Für NRW-Gleichstellungsministerin Ina Scharrenbach (CDU) zeigt die Zunahme, dass sich das Angebot herumgesprochen hat. Für sie ist damit ein wichtiges Ziel erreicht: Männer fühlten sich positiv motiviert, die Taten anzuzeigen. Gewalt gegen Männer, das Thema sei aus der Tabuzone raus, meint Scharrenbach im Gespräch mit Journalisten. Gewalttaten gegen Männer müssten ebenso geahndet werden wie gegen Frauen.

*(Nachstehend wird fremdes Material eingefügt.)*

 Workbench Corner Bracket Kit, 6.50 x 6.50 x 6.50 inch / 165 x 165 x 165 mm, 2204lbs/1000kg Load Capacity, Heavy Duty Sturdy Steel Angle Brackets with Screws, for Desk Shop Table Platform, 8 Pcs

Die Anrufer stammen der Auswertung zufolge zu 60 Prozent aus einer mittleren oder gehobenen sozialen Schicht, 40 Prozent befinden sich in eher prekären Verhältnissen. Jeder siebte Betroffene hat Migrationshintergrund. Ein Jahr zuvor war es noch jeder Fünfte.

Gewalterfahrungen auch auf der Arbeit und im öffentlichen Raum

Die meisten Anrufer, 91 Prozent, haben Gewalt im Erwachsenenleben erfahren, bei 11 Prozent kam Gewalt in der Kindheit vor. Der überwiegende Teil der Gewalttaten, 84 Prozent, fanden im häuslichen Kontext statt, 6 Prozent auf der Arbeit, 13 Prozent im öffentlichen Raum oder in öffentlichen Gebäuden.

Am häufigsten klagten die Anrufer über psychische Gewalt (67 Prozent). Dazu zählten Bedrohung, Beleidigung, Beschimpfung und Lächerlichmachen, Mobbing und Verleumdung. In 42 Prozent der Fälle ging es um körperliche Gewalt, in 13 Prozent um sexualisierte Gewalt. „Vernachlässigung im Kontext von Pflege, Behinderung und Kindheitsgewalt bildete bei einem kleineren Teil der Betroffenen (4 Prozent) das zentrale Beratungsanliegen“, heißt es in dem Bericht der Uni.

Was deutlich wird: Das Männerhilfetelefon wird seltener von jungen und alten Männern genutzt. Die meisten Anrufer waren zwischen 31 und 40 Jahren. Doch gerade in den höheren Altersklassen kann Gewalt im Kontext der Pflege ein Problem sein. Diese Menschen will Scharrenbach künftig besser erreichen und einen Schwerpunkt in der Öffentlichkeitsarbeit auch auf andere Gewaltformen als die häusliche legen, sagt sie.

Mehr Schutzplätze für Männer in NRW

Dennoch sei ein erstes Ziel erreicht. „Wir haben das Thema Gewalt gegen Männer in der Gesellschaft platzieren können und insbesondere für die Betroffenen Hilfeangebote auf den Weg bringen können“, so Scharrenbach.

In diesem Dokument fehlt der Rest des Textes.